TLDR
- AAL fell ~3% to $11.11 in pre-market trading on March 11, with shares down sharply from mid-February levels
- Jet fuel prices have spiked from $85–90/barrel to $150–200/barrel due to Middle East tensions
- American has no fuel hedging in place, and each extra cent per gallon costs ~$50M annually — more than Delta or Southwest
- Analyst sentiment has shifted to a majority “Hold,” with TD Cowen and Rothschild both cutting price targets
- The airline’s flight attendants’ union passed a historic no-confidence vote against CEO Robert Isom
American Airlines (AAL) posted a 2025 adjusted pre-tax profit of just $352 million. For comparison, Delta posted $5 billion and United posted $4.6 billion. That gap matters a lot right now.
American Airlines Group Inc., AAL
Brent crude is sitting around $91 a barrel, and analysts warn it could stay above $95 for the next two months if Middle East supply disruptions continue. Jet fuel prices have surged from the $85–90 range to as high as $200 a barrel, according to Air New Zealand.
Most international airlines hedge fuel costs to limit exposure. American doesn’t. That leaves it fully at the mercy of the spot market — and the spot market is not being kind.

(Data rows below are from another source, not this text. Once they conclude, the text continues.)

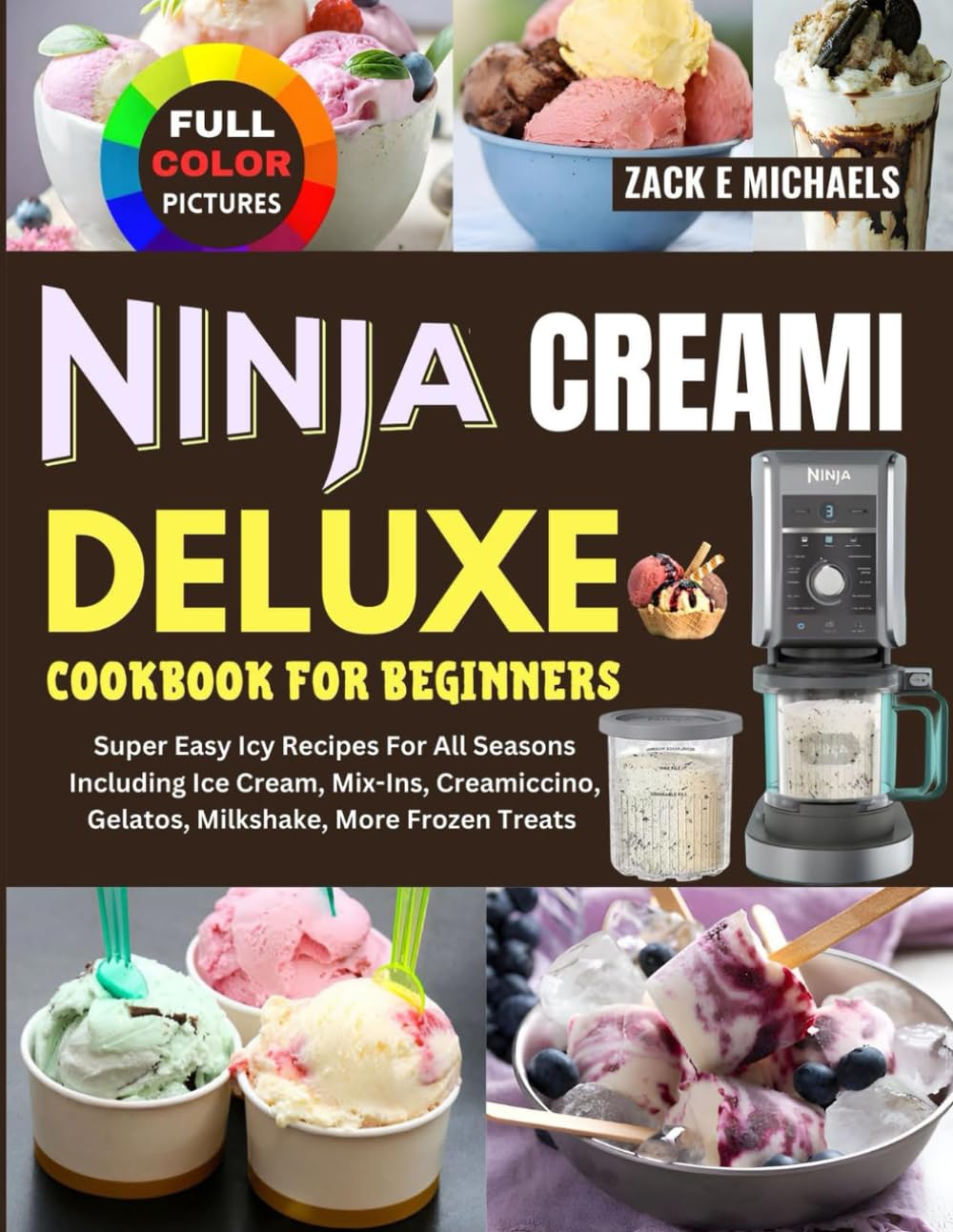 Ninja Creami Deluxe Cookbook for Beginners: Super Easy Icy Recipes for All Seasons Including Ice Cream, Mix-Ins, Creamiccino, Gelatos, Milkshake, More Frozen Treats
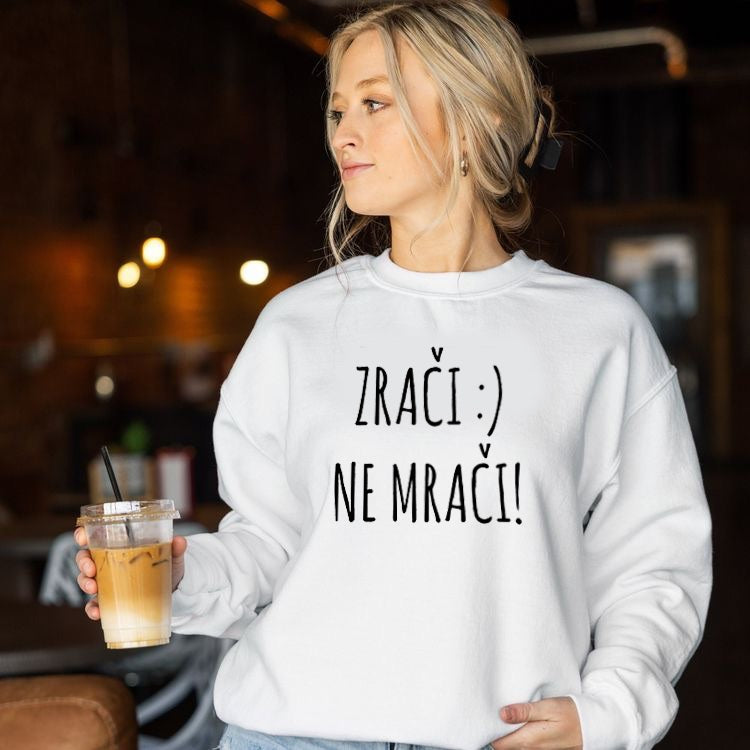 Zrači, ne mrači! - duks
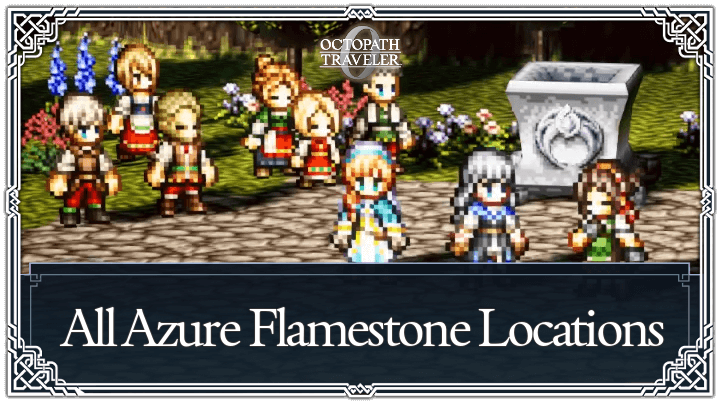 Octopath Traveler 0 - All Azure Flamestone Locations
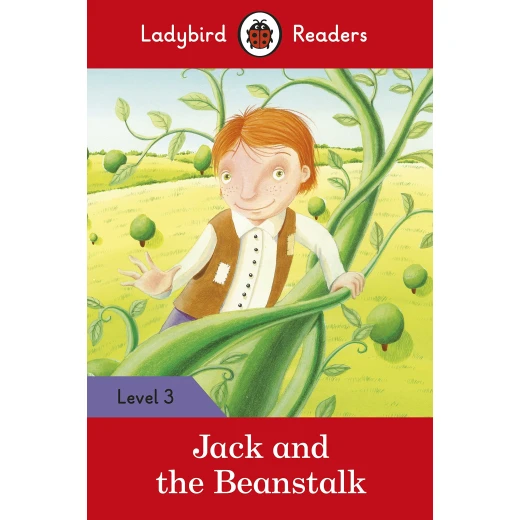 Ladybird Readers Level 3 : Jack and the Beanstalk SB Ladybird Readers Level 3 : Jack and the Beanstalk SB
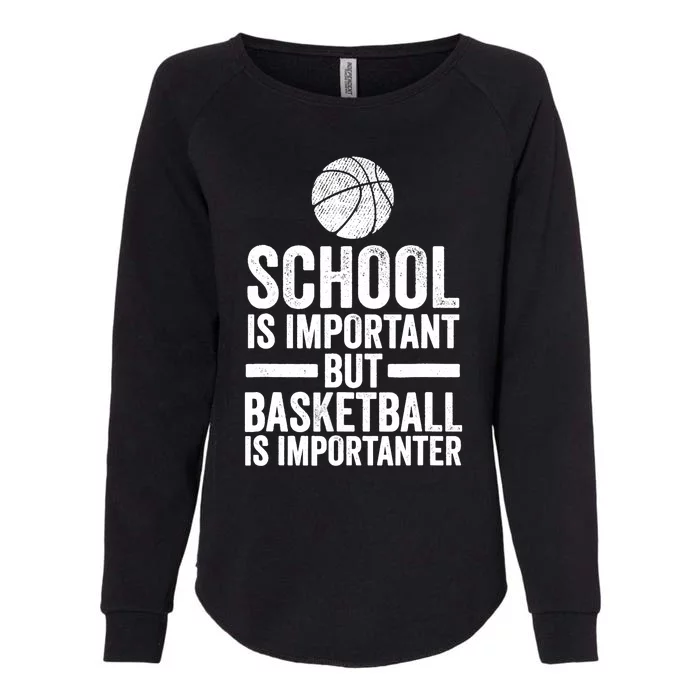 School Is Important But Basketball Is Importanter Funny Spor Womens California Wash Sweatshirt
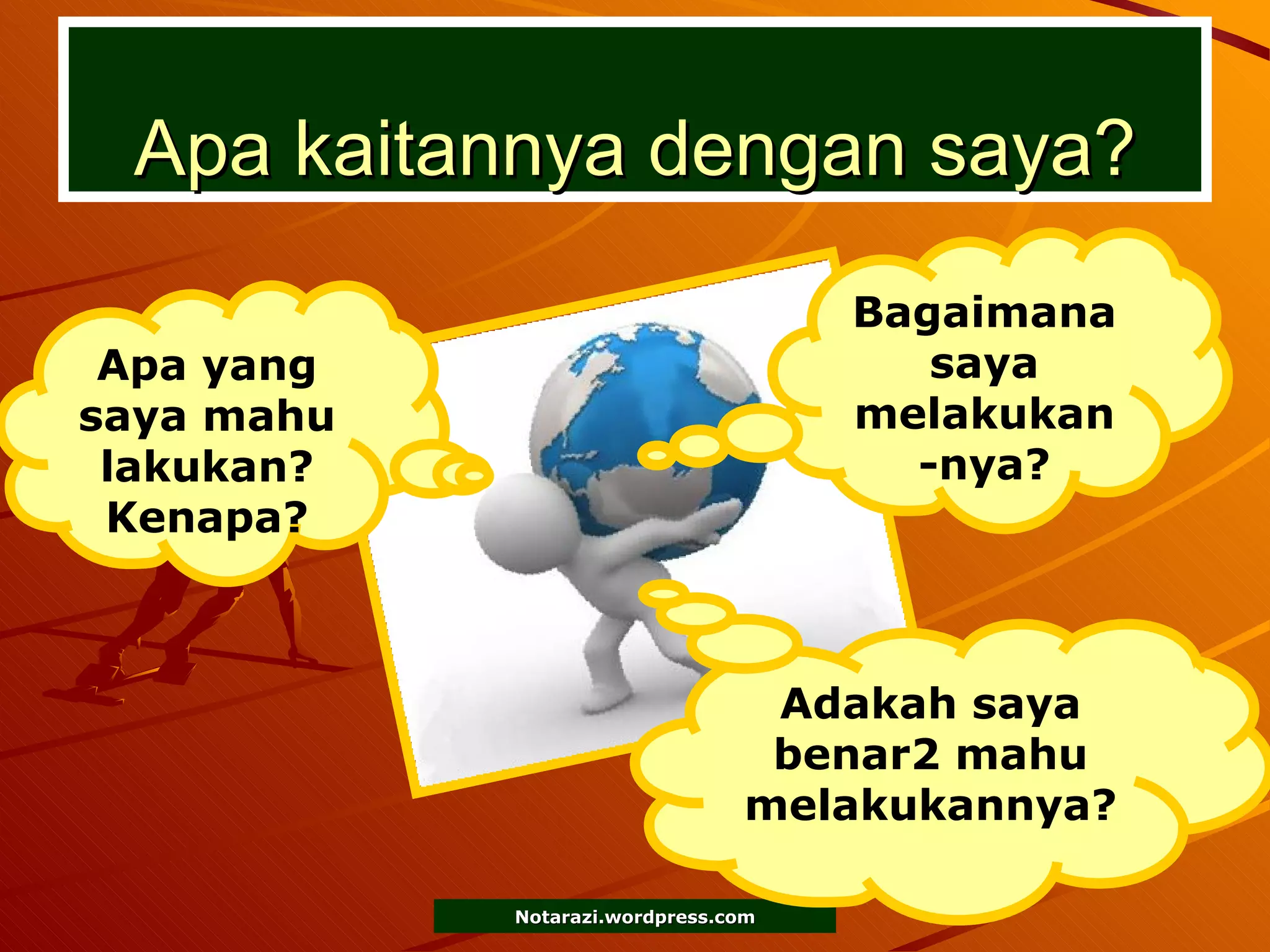 Apa kaitannya dengan saya? Apa yang saya mahu lakukan? Kenapa? Bagaimana saya melakukan-nya? Adakah saya benar2 mahu melakukannya?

AAL stock dropped more than 5% on March 5 after a downgrade and a spike in crude prices tied to escalating tensions near the Strait of Hormuz. The stock was recently trading around $11.04, down sharply from mid-February.
On March 11, AAL fell another ~3% to $11.11 in pre-market trading. Delta dropped 2.2% and United fell 3.6% in the same session, but American’s lack of hedging makes it the most exposed.
Regulatory filings show each extra cent per gallon adds around $50 million to American’s annual fuel bill. Delta’s sensitivity is $40 million per cent. Southwest’s is $22 million.
Guidance Under Pressure
Management guided for a Q1 2026 loss of $0.10 to $0.50 per share and full-year EPS of $1.70 to $2.70. That full-year target assumes fuel doesn’t keep climbing — a shaky assumption right now.
The most recent quarter missed consensus. EPS came in around $0.16 versus an estimated $0.38. Margins were razor thin at roughly 0.2%.
On March 9, American moved to bolster liquidity, increasing its revolving credit commitments from $3.0 billion to $3.11 billion and extending maturities to March 2031.
The airline ended 2025 with $36.5 billion in total debt and is targeting a reduction to below $35 billion by year-end 2026. That goal looks harder to hit if fuel costs stay elevated.
Analyst Downgrades Stack Up
Wall Street has been pulling back. TD Cowen cut its price target from $17 to $13, keeping a Buy but with less conviction. Rothschild & Co downgraded AAL from Buy to Neutral and cut its target from $17 to $12.50, citing “limited financial flexibility in a higher-cost environment.”
Of 17 analysts tracked by MarketBeat, 9 rate AAL a Hold, 6 a Buy, and 2 a Sell. The average 12-month price target sits at $16.22 — implying more than 40% upside from current levels, but the path there is getting bumpier.
Layered on top of the financial pressure is a labor issue. The flight attendants’ union issued a historic no-confidence vote against CEO Robert Isom, citing operational failures and underperformance versus rivals.
All eyes are now on American’s presentation at the J.P. Morgan Industrials Conference on March 17, where Isom is expected to outline the airline’s plan for navigating rising costs and debt reduction targets.